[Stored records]
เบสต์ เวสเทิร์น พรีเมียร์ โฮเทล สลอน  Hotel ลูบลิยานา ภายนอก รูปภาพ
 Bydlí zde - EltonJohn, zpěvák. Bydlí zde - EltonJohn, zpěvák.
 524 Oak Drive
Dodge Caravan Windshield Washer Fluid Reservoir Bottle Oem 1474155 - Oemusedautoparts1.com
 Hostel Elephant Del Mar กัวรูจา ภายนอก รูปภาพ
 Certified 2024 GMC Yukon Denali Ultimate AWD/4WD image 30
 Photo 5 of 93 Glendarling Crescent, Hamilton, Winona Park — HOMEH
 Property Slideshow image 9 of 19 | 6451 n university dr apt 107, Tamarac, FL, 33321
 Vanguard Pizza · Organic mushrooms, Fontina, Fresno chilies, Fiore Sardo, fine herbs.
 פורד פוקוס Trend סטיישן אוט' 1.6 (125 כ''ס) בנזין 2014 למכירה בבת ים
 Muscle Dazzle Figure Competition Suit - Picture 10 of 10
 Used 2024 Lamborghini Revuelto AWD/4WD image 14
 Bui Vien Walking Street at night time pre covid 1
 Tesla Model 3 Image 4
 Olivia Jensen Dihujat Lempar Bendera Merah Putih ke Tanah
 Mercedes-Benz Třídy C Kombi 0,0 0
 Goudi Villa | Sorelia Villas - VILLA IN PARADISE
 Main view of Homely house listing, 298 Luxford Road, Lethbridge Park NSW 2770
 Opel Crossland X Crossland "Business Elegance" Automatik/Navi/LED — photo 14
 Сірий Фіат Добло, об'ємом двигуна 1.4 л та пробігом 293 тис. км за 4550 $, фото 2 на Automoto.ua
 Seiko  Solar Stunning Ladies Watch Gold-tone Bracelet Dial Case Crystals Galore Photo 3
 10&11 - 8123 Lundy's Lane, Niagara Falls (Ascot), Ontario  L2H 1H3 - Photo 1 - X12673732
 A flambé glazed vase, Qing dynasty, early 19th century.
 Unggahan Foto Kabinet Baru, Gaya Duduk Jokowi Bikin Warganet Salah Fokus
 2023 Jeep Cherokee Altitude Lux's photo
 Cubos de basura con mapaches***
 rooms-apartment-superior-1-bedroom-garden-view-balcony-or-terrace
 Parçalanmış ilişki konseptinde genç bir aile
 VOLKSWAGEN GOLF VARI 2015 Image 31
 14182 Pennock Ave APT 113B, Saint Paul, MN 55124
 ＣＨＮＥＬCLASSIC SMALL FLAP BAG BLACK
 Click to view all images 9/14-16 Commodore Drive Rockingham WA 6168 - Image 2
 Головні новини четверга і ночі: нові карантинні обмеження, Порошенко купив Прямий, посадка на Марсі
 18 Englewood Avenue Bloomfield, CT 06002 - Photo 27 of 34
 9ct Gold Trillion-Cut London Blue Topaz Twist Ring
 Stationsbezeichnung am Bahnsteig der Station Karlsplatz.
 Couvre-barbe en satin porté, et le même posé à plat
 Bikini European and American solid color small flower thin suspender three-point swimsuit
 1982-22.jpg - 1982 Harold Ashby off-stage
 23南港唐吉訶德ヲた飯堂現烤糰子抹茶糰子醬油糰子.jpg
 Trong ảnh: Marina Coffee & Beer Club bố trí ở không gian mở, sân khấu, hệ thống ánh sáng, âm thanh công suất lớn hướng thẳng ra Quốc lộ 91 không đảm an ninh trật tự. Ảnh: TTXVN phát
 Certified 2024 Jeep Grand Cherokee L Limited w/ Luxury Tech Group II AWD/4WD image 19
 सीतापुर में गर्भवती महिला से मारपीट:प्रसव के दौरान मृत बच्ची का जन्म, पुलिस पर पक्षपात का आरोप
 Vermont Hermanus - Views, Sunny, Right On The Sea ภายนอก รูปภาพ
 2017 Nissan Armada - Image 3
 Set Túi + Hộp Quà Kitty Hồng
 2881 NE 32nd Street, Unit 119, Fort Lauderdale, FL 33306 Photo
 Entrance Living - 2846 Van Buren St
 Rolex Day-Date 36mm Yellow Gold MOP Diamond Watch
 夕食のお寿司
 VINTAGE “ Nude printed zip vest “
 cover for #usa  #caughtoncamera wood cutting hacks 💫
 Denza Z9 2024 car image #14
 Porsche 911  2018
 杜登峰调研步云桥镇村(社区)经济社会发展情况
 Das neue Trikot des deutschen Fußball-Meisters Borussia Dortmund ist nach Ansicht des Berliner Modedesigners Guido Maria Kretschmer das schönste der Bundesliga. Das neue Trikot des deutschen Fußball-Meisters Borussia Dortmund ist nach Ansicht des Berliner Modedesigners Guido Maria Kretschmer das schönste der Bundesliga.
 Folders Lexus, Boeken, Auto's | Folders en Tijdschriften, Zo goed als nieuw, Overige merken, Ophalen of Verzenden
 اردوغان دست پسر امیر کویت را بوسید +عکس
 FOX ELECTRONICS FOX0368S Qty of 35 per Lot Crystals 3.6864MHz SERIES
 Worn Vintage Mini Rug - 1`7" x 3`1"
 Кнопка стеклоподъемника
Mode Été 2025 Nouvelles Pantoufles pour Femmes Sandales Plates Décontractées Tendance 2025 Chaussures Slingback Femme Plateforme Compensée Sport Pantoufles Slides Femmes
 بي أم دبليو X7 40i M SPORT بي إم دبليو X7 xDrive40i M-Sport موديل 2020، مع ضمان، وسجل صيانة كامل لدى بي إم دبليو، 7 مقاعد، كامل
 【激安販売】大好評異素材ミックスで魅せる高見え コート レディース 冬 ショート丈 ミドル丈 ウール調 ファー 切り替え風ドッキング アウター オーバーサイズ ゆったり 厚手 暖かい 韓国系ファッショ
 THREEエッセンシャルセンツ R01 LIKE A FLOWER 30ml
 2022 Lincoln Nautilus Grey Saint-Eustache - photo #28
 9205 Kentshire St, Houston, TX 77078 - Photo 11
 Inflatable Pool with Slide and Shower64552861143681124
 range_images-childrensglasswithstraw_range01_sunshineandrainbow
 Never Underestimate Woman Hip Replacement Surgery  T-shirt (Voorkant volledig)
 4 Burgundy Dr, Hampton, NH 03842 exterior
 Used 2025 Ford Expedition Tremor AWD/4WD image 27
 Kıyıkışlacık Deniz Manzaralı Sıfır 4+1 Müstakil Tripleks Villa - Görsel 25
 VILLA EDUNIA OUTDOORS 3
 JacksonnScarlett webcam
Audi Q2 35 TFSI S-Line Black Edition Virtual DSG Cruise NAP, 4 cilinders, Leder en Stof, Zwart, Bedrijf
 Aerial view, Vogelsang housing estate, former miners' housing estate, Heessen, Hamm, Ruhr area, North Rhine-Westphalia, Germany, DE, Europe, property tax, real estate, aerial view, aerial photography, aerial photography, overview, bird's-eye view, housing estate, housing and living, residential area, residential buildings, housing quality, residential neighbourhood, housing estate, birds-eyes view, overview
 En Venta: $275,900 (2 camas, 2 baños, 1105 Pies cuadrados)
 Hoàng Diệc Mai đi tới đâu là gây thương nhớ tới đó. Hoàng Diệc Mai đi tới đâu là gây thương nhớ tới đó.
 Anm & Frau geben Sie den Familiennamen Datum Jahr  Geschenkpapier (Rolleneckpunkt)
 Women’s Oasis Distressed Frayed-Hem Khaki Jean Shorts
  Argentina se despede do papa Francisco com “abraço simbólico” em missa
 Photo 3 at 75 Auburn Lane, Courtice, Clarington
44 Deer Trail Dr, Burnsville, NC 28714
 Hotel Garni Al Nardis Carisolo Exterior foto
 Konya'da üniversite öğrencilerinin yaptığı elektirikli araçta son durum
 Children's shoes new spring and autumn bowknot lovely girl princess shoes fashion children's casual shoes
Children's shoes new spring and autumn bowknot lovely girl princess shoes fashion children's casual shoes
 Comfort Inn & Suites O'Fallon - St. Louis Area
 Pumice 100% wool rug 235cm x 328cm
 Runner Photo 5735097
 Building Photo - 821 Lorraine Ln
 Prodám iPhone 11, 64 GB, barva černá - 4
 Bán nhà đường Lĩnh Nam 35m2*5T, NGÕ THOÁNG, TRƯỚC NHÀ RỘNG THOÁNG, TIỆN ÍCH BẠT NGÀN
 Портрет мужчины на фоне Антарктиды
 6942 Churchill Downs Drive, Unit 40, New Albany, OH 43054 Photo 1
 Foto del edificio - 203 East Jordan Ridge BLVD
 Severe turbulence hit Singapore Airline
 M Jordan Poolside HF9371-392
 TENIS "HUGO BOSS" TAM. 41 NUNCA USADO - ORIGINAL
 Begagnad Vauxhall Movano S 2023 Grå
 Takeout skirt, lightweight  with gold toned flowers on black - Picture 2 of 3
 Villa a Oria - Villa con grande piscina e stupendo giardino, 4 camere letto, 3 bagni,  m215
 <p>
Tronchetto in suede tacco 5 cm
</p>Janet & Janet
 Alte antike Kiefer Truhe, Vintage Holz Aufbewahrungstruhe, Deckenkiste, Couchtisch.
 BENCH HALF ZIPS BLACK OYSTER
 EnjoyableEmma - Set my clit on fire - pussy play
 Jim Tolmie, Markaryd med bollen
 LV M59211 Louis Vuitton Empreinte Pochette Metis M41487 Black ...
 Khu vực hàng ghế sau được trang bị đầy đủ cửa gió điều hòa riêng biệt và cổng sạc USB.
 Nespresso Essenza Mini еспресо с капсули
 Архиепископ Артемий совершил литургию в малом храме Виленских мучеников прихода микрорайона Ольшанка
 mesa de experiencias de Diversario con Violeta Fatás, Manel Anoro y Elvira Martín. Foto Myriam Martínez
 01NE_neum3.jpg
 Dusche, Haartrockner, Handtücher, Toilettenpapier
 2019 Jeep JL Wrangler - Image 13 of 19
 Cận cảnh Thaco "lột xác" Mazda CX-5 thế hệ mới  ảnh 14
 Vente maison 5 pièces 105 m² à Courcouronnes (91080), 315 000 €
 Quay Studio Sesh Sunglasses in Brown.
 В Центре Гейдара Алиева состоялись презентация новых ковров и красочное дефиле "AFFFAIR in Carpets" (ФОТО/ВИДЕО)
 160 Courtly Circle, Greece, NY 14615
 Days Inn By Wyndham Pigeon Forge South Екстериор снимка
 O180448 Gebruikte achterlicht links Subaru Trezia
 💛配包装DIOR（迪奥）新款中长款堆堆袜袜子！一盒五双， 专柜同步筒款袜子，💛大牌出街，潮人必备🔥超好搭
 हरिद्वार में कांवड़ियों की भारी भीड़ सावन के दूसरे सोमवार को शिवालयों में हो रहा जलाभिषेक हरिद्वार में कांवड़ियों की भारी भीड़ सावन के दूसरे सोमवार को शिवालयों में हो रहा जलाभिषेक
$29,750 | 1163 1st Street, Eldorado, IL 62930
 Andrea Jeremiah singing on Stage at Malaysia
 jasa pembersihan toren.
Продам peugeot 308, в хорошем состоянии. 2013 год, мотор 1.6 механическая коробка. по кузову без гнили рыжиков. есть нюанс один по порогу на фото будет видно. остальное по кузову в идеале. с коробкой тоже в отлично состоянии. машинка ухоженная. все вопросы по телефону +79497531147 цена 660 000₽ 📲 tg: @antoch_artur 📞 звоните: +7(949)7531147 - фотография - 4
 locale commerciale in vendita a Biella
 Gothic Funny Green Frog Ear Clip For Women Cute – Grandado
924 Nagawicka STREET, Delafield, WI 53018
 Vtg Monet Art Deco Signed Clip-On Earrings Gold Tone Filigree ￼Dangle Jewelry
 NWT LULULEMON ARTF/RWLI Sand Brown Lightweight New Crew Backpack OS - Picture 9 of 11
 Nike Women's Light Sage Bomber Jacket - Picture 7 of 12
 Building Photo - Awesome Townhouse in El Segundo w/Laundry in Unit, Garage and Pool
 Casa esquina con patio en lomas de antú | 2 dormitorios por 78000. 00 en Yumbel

_Instructions for the task:_
Set down, exactly as they appear above, all lines from the one that has "Severe turbulence hit Singapore Airline" down to the one that has "2019 Jeep JL Wrangler - Image 13 of 19", including those two and no others.

_Written response:_
 Severe turbulence hit Singapore Airline
 M Jordan Poolside HF9371-392
 TENIS "HUGO BOSS" TAM. 41 NUNCA USADO - ORIGINAL
 Begagnad Vauxhall Movano S 2023 Grå
 Takeout skirt, lightweight  with gold toned flowers on black - Picture 2 of 3
 Villa a Oria - Villa con grande piscina e stupendo giardino, 4 camere letto, 3 bagni,  m215
 <p>
Tronchetto in suede tacco 5 cm
</p>Janet & Janet
 Alte antike Kiefer Truhe, Vintage Holz Aufbewahrungstruhe, Deckenkiste, Couchtisch.
 BENCH HALF ZIPS BLACK OYSTER
 EnjoyableEmma - Set my clit on fire - pussy play
 Jim Tolmie, Markaryd med bollen
 LV M59211 Louis Vuitton Empreinte Pochette Metis M41487 Black ...
 Khu vực hàng ghế sau được trang bị đầy đủ cửa gió điều hòa riêng biệt và cổng sạc USB.
 Nespresso Essenza Mini еспресо с капсули
 Архиепископ Артемий совершил литургию в малом храме Виленских мучеников прихода микрорайона Ольшанка
 mesa de experiencias de Diversario con Violeta Fatás, Manel Anoro y Elvira Martín. Foto Myriam Martínez
 01NE_neum3.jpg
 Dusche, Haartrockner, Handtücher, Toilettenpapier
 2019 Jeep JL Wrangler - Image 13 of 19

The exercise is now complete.